In those circumstances the New South Wales Court of Appeal reached the conclusion that the decision of the Victorian Court of Appeal in Façade was plainly wrong and should not be followed.

It should be noted that the NSW government has approved changes to Security of Payment legislation which come into force on a date in 2019 which will prevent a company in liquidation from serving a payment claim or taking actions to enforce it, including by making an application for adjudication or attempting to enforce an adjudication determination.3

2. Where does this leave other jurisdictions?

Victorian courts are now placed in the difficult position of being obliged to follow a binding Victorian Court of Appeal decision in circumstances which the New South Wales Court of Appeal has pronounced to be plainly wrong.
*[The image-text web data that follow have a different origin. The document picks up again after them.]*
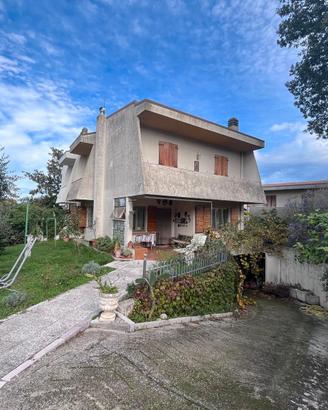 Via Lampedusa-200mq con giardino e box-Termoli
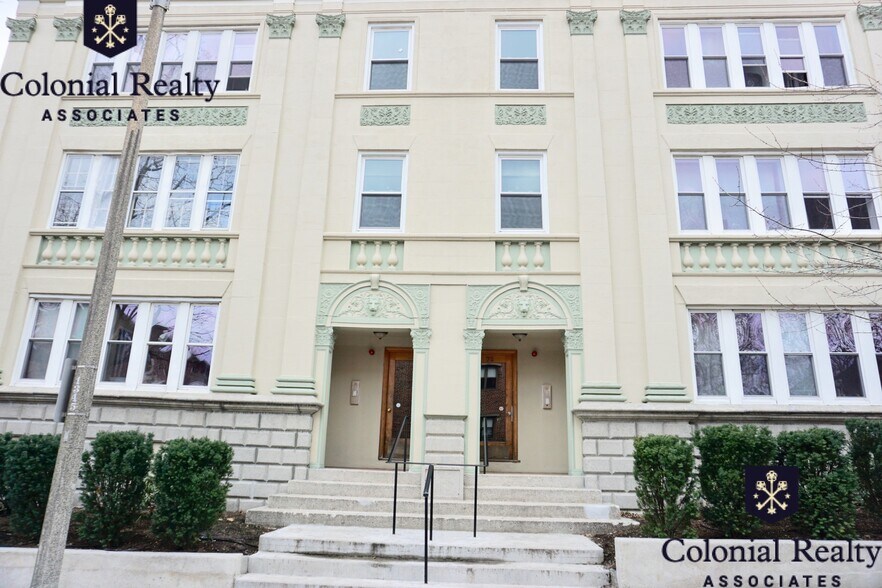 Building Photo - 68 Egmont St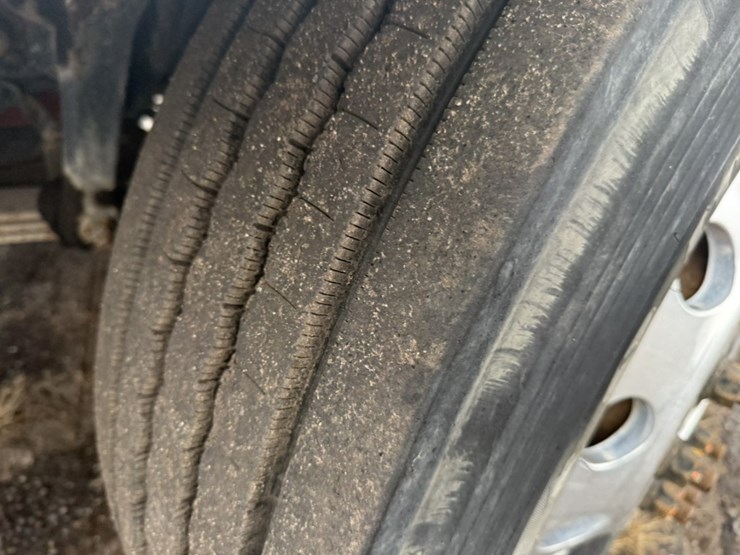 #2000-•-2014-freightliner-altec-digger-derrick-image-92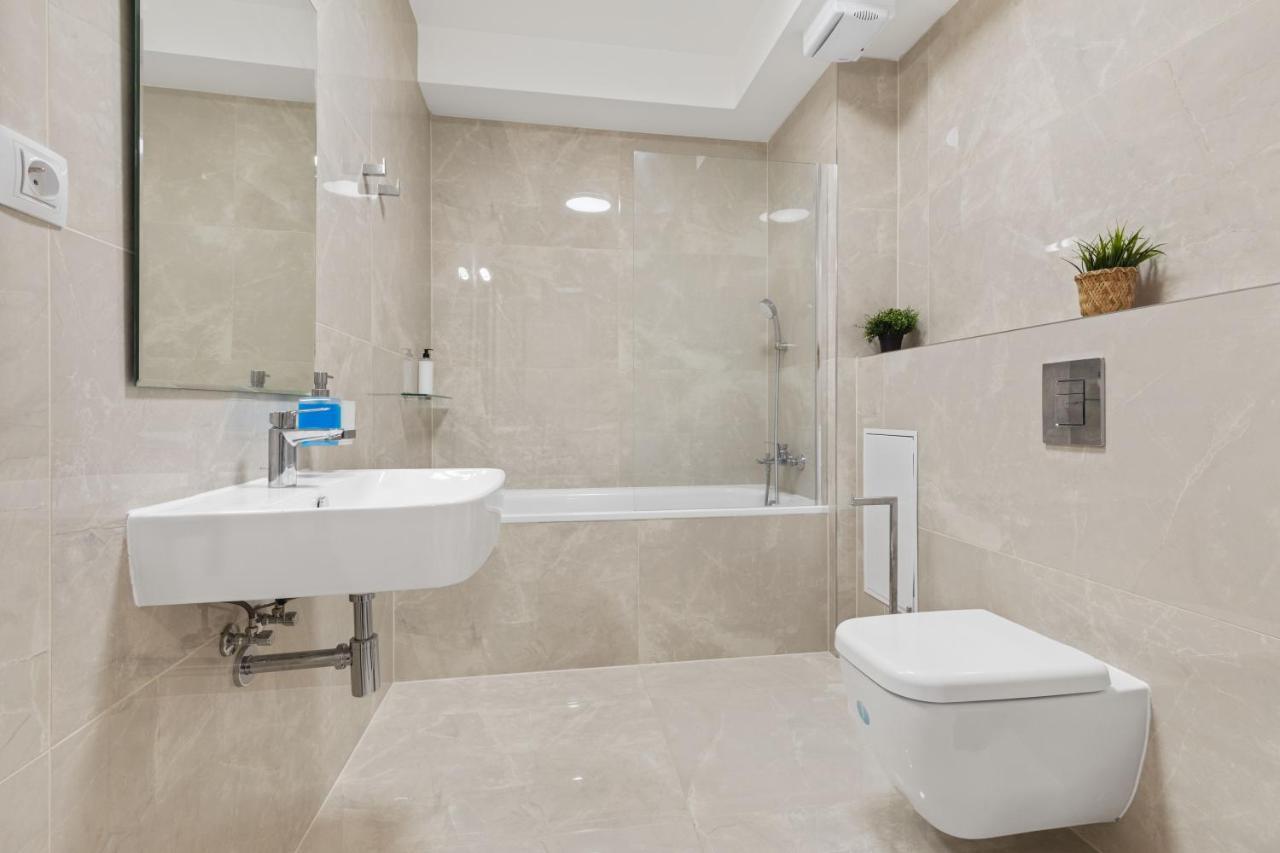 Lam Jegeho Alej - Jacuzzi - Free Parking Apartment Bratislava Bagian luar foto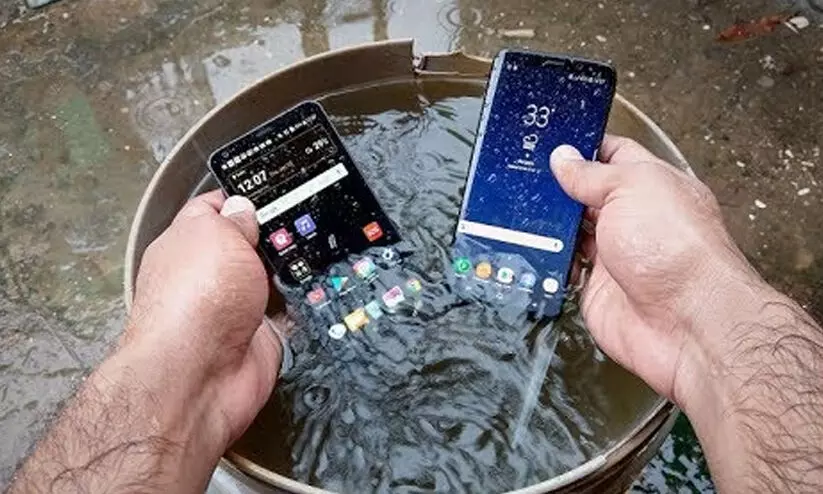 ഫോൺ വെള്ളത്തിലും ഉപയോഗിക്കാമെന്ന് തെറ്റിദ്ധരിപ്പിച്ചു; സാംസങ്ങിന് 75 കോടി പിഴ ഫോൺ വെള്ളത്തിലും ഉപയോഗിക്കാമെന്ന് തെറ്റിദ്ധരിപ്പിച്ചു; സാംസങ്ങിന് 75 കോടി പിഴ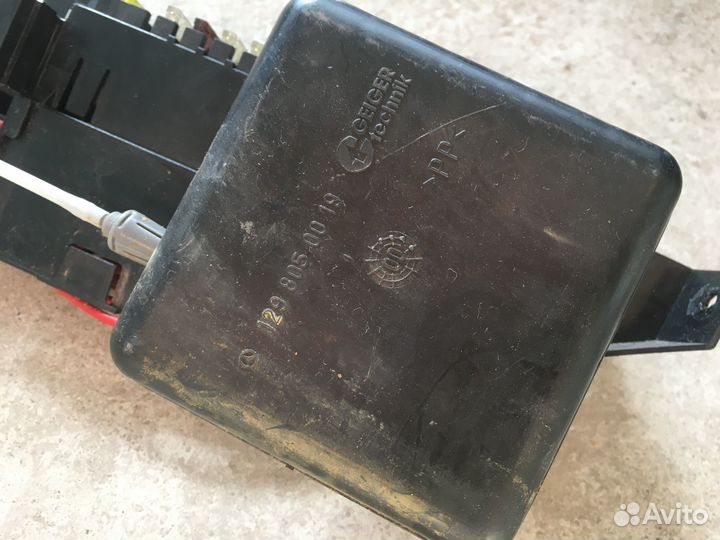 Блок предохранителей Mercedes W210 (3920)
The NSW decision will be of more long term relevance in other jurisdictions where there is no plan to introduce amendments to prevent reliance on the Security of Payment legislation during liquidation. In those States and Territories the consequences of the case may be less clear.

In Queensland the competing views of NSW and Victorian judges to date have received limited judicial consideration. However, the recently commenced Building Industry Fairness (Security of Payment) Act 2017 (QLD) has already replaced the language upon which the Victorian courts relied heavily in reaching the outcome in the Façade decision. This suggests it is more likely that the NSW position will be followed in Queensland at least.

In December 2017 Jon Murray AM presented his review of Security of Payments legislation throughout Australia to the Minister for Small and Family Business (Murray Review). Whilst the Murray Review recommended harmonisation of Security of Payment legislation generally, it made a specific recommendation that such legislation should not apply in a liquidation scenario.4 This recommendation informed the NSW amendment referred to above.

As a consequence of the above there is a degree of uncertainty as to how this case will be viewed in other jurisdictions. If you are the respondent the uncertainty is good news and may give you the leverage to negotiate a better outcome with the liquidator.


1 [2019] NSWCA 11
2 [2016] VSCA 247
3 Building and Construction Industry Security of Payment Amendment Bill 2018 (NSW) s 32B(1).
4 Jon Murray, 'Review of Security of Payment Laws' (Report, Department of Jobs and Small Business, 2017) 119, Recommendation 10.